後あかねの子供時代を初めて見た。なんだろう、言葉に表せないけど撫でたくなる不思議な感じ。

 

 

「アクアくん…」

 

 

「目の前でいちゃつかないでくれるかしら」

 

 

「あ、すまんつい。悪かったとは思ってるよ…本当に」

 

 

「バカ。アクアくんが死んじゃった後、私だけじゃなくて苺プロの皆や姫川さんだって大変だったからね」

 

 

「あーくん死んだの!?」

 

 

「有馬は俺と同時期にあっちの世界からこっちの世界に来たのか。色々あったんだよ」

 

 

「………」

「………」

「………」

 

 

「やっほー、アクア〜会いに来たよ♪」

 

 

「ア、アイ!?」

 

 

「ね、私刺されて死んじゃったんだけど、ここって夢の世界?」

 

 

「分からない。
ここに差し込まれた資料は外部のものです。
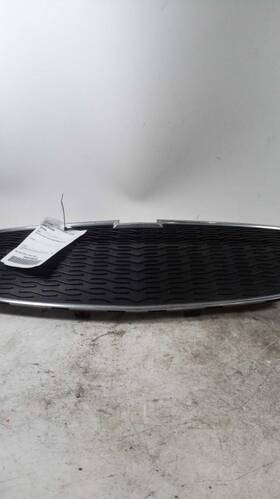 104-02357 Chevrolet Grille Model Center With Fog Lamps Opt T3y Fits 13-15 Spark 411301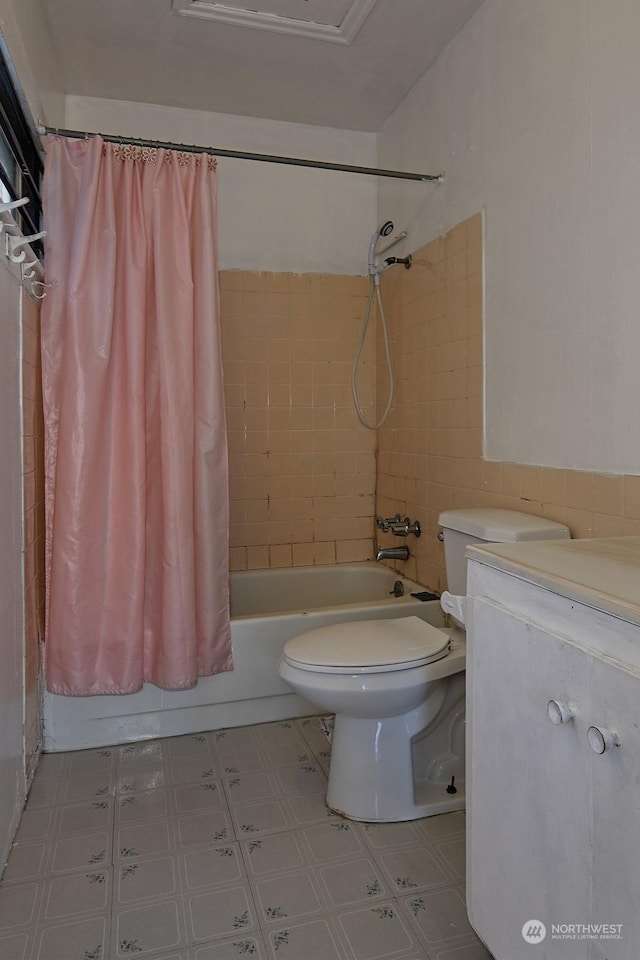 bathroom with shower / bath combo with shower curtain and toilet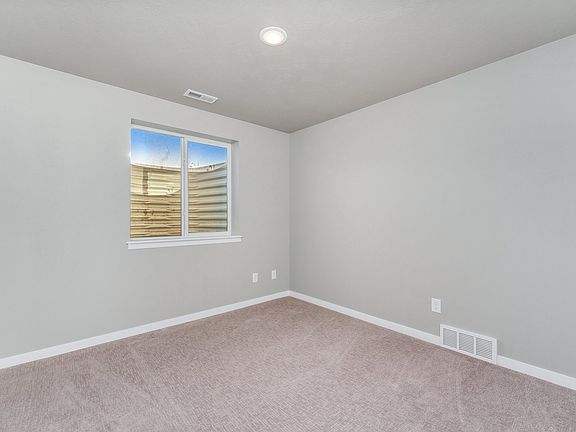 2-web-or-mls-6521 E Steel St-1_05212025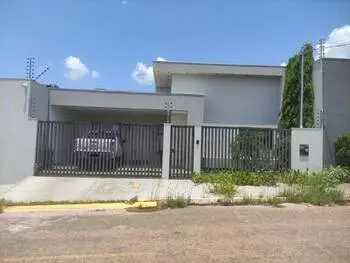 Casa em leilão - rua begônia, 1035 - rondonópolis/mt - banco santander brasil s/a | z33390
ひとつ言えるのは俺の知り合いしかここには居ない」

 

 

「ほっぺつねったんだけど痛かったんだよね〜」

 

 

「古典的過ぎるだろ。まぁ俺は本物の世界であって欲しいけどな」

 

 

「なんで?私はアクアと会えてよかった♪」

 

 

「B、B小町の伝説がここに居るわ…」

「やっぱり親子なんだね所々そっくりだよ。特に目元の星と表情。アクアくん会えて良かったね」

 

 

「あれ?…青い方は見たことないけど赤い子は見たことあるね。えーと、有吉ちゃん?」

 

 

「違ううううううう!あ、間違えた!違います!あ、有馬かなです」

 

 

「ごめんね?私って名前覚えられなくて」

 

 

なんだよこのカオス…夢にしては非現実的すぎるだろ。

アイと会えて天才子役と遭遇。俺の知り合いしかいないってのも不思議だが、もっと探索する必要があるな。
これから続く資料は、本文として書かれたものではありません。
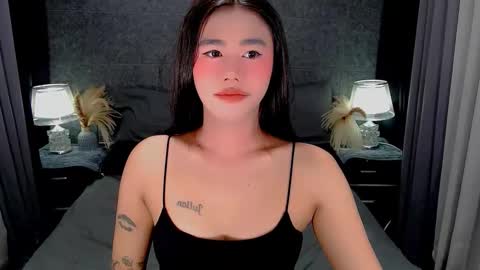 jhuliana_and_charles_room online show from February 2026 03:43:01 AM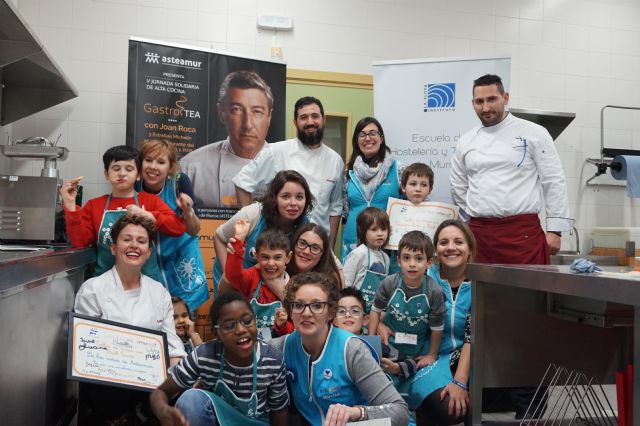 El cocinero Sebastián Lisón y la bloguera Ruth Cantó han impartido un taller de alta cocina para niños con autismo - 1, Foto 1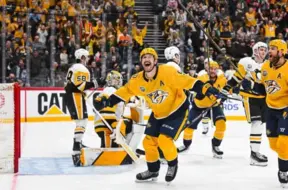 Šilovs nespēj vienpersonīgi izglābt "Penguins" no zaudējuma papildlaikā Stokholmā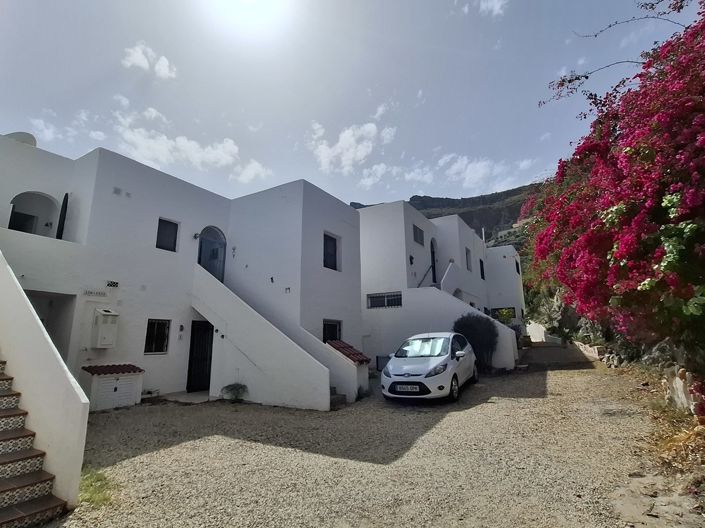 Image No.28-2 Bed Apartment for sale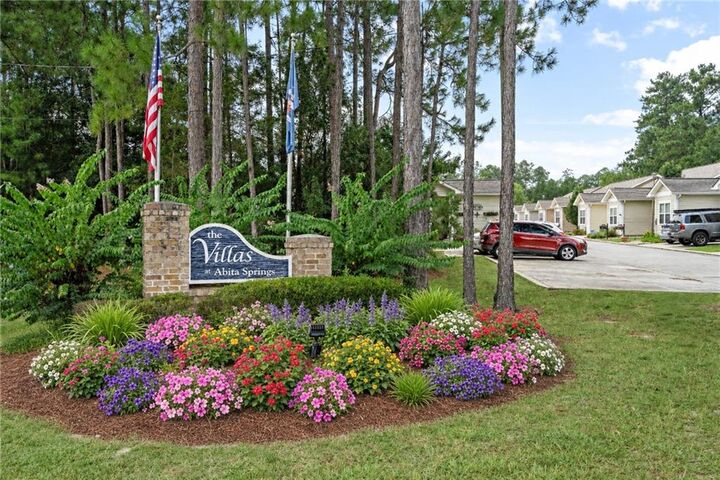 Property Photo: 2084 Dundee Loop Loop LA 70420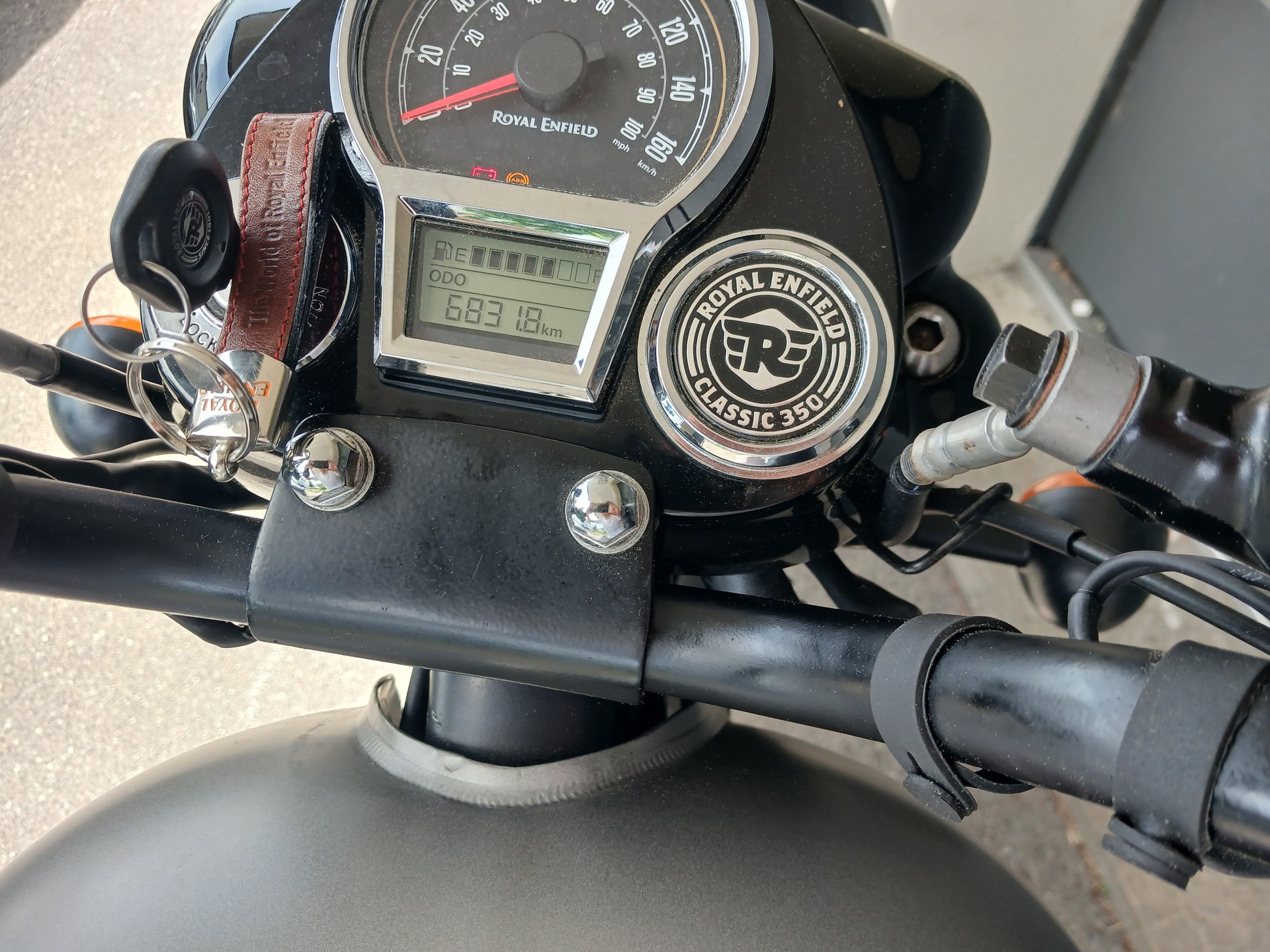 ROYAL ENFIELD Classic 350 Dark-image-5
あのカラス何を企んでるんだ?俺の中にいる雨宮吾郎も訴えかけてこないし、ただただ困惑している。

 

 

前世が医者だからこの未知現象に余計に混乱してしまう。転生したり突然ワープしたり科学的に解明できない事ばかりだ。

そもそも自分やアイ、ルビーの目だって不思議現象だったな。オッドアイや青眼なら人種や超低確率で起こり得るんだが

 

 

考えても仕方ないか、まずはこの世界のアイを、今度こそ、今度こそ、絶対に守り抜くんだ。

 

 

アイも子供になってるなんて頭が痛いが

この際些細な出来事だ。生きてくれてるだけで嬉しいし言いたい事が山の様にある。それを先に消化する事にしよう。